Rifaat al-Assad to face trial in Switzerland for war crimes

A photo of Bashar al-Assad's family circulated by activists in 2023 (Facebook)

A photo of Bashar al-Assad's family circulated by activists in 2023 (Facebook)


The Swiss Attorney General’s office has announced the referral of the Syrian president’s uncle, Rifaat al-Assad, to trial.

The office issued a statement today, Tuesday, March 12, calling for al-Assad’s trial before the Federal Criminal Court, on charges of committing war crimes.

The statement accused Rifaat al-Assad of committing crimes of murder, torture, cruel treatment, and illegal arrests in Syria, in February 1982.

It noted that at the time, Rifaat was the commander of the Defence Companies and the military operations in the city of Hama.

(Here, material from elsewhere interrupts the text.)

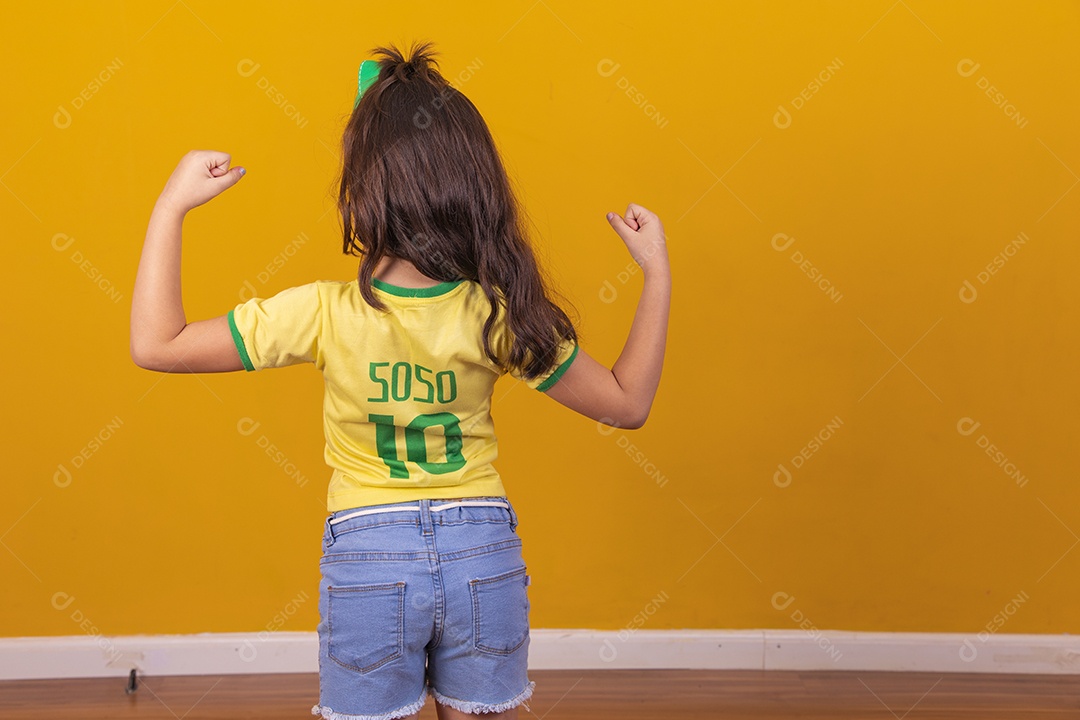 Linda menina criança torcedora do brasil Copa Do Mundo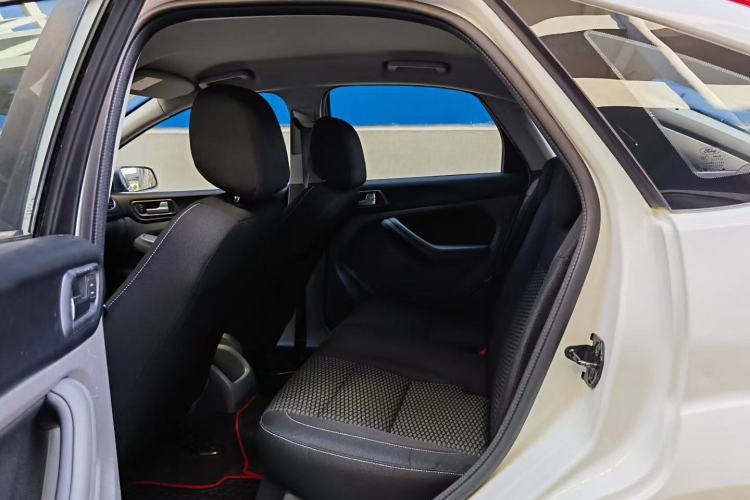 Used Ford Focus 2013 Hatchback Classic 1.8L Automatic Base Model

The brother of Hafez al-Assad is accused of committing the crimes and charges directed against him during the battles that took place between the Syrian regime forces and the Fighting Vanguard organization.

According to the statement, the armed conflict between the two parties resulted in the death of between three thousand and 60,000 people, the majority of whom were civilians.

The forces entered the city, located in central Syria, in February 1982, and civilians fell victim to various violations ranging from summary execution to detention and torture.

The statement clarified that the Trial International organization filed a complaint in 2013, and the Attorney General’s Office began criminal proceedings against Rifaat al-Assad in December.

The organization announced in August 2023, a decision by the Swiss Federal Court to arrest al-Assad.

The organization called on the Swiss authorities to “quickly bring an indictment against the man nicknamed the butcher of Hama, who is 85 years old, and to bring him to trial.”

In addition to leading the Defence Companies, Rifaat al-Assad held the position of Vice President of the Syrian Republic between 1984 and 1998.

Rifaat al-Assad ordered his forces to sweep the city of Hama and execute its inhabitants and violated the laws of war, according to “Article 109” (paragraph 1), of the Military Criminal Law, in addition to “Article 3”, common to the Geneva Conventions.

The Swiss Federal Criminal Court (FCC) and the Federal Office of Justice (FOJ) issued an international arrest warrant against Rifaat al-Assad for his role in the “serious war crimes” committed in the city of Hama in February 1982.

Who is Rifaat al-Assad?

Rifaat al-Assad was born in Qardaha on August 22, 1937, with a Ph.D. in history from the University of Damascus, and he is the younger brother of Hafez al-Assad.

In 1963, Rifaat was among the officers who graduated from the military academy and after graduation, he participated in the coup of February 23, 1966, and joined in 1969 a command course for armored and infantry guards, which qualified him to lead military units and brigades in the army.

Rifaat played a major role in military and political life in Syria since his brother Hafez took executive power in 1970. He was seen as his brother’s successor in rule, but the sibling rivalry did not lead to this scenario, and exile was the choice.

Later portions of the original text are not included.